*** COLLECTED DATA Section Begins ***
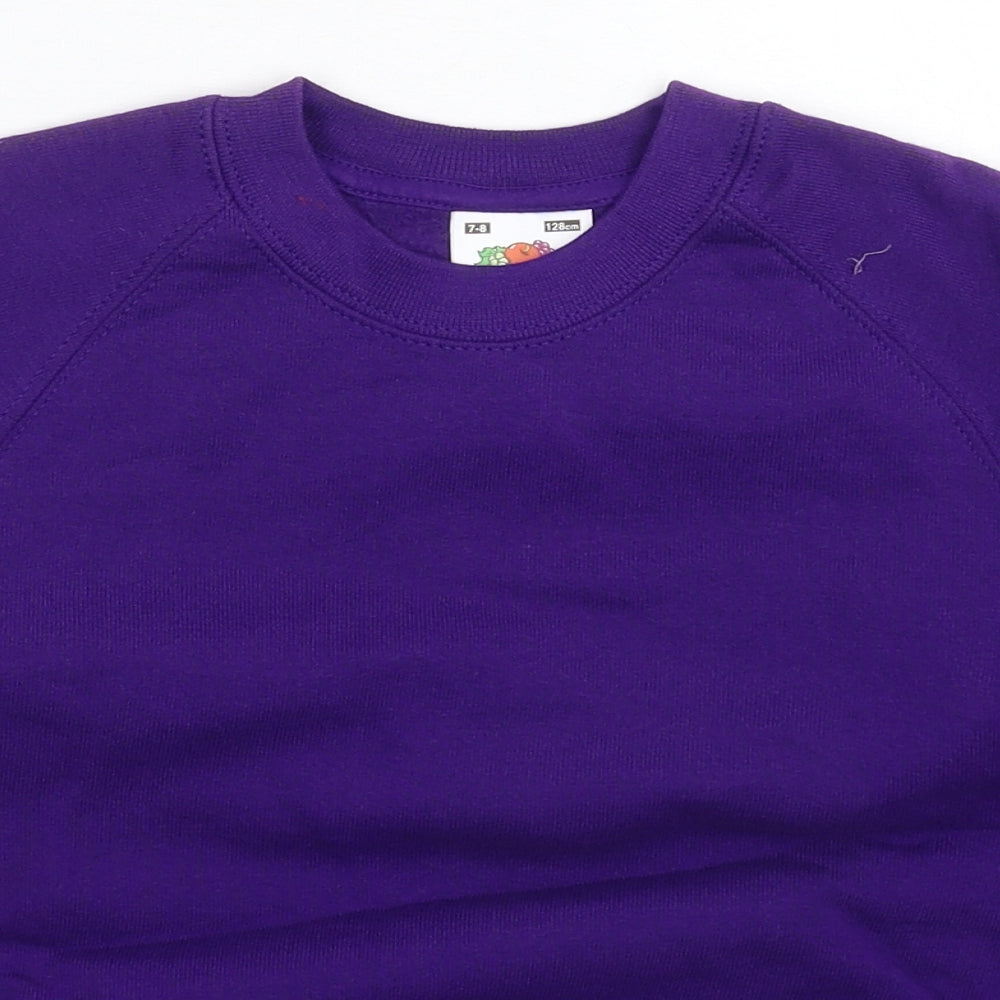 Fruit of the Loom Boys Purple   Pullover Sweatshirt Size 7-8 Years
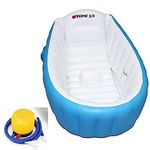 Inflatable Baby Bath, with air Pump Portable Baby Toddler Bath,Non-Slip Travel Bathtub,Mini air Swimming Pool,Non-Slip Travel Bathtub, Children's Foldable Shower tub (Blue)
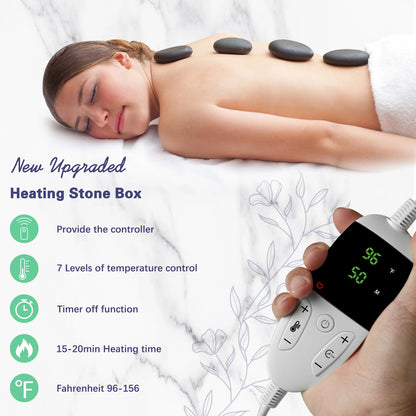 Professional Hot Stone Massage Kit with Temperature-Controlled Heater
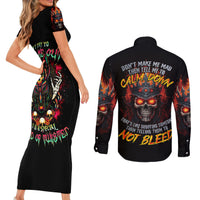 King Skull Couples Matching Short Sleeve Bodycon Dress and Long Sleeve Button Shirts Don't Make Me Mad Then Tell Me To Calm Down - Wonder Print Shop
*** COLLECTED DATA Section Ends ***
ACTIVITY
A word-for-word copy of the lines from the one with "Professional Hot Stone" through the last line of the data above is required, with both end lines included and no pictures.

RESULT OF THE EXERCISE
 Professional Hot Stone Massage Kit with Temperature-Controlled Heater
 King Skull Couples Matching Short Sleeve Bodycon Dress and Long Sleeve Button Shirts Don't Make Me Mad Then Tell Me To Calm Down - Wonder Print Shop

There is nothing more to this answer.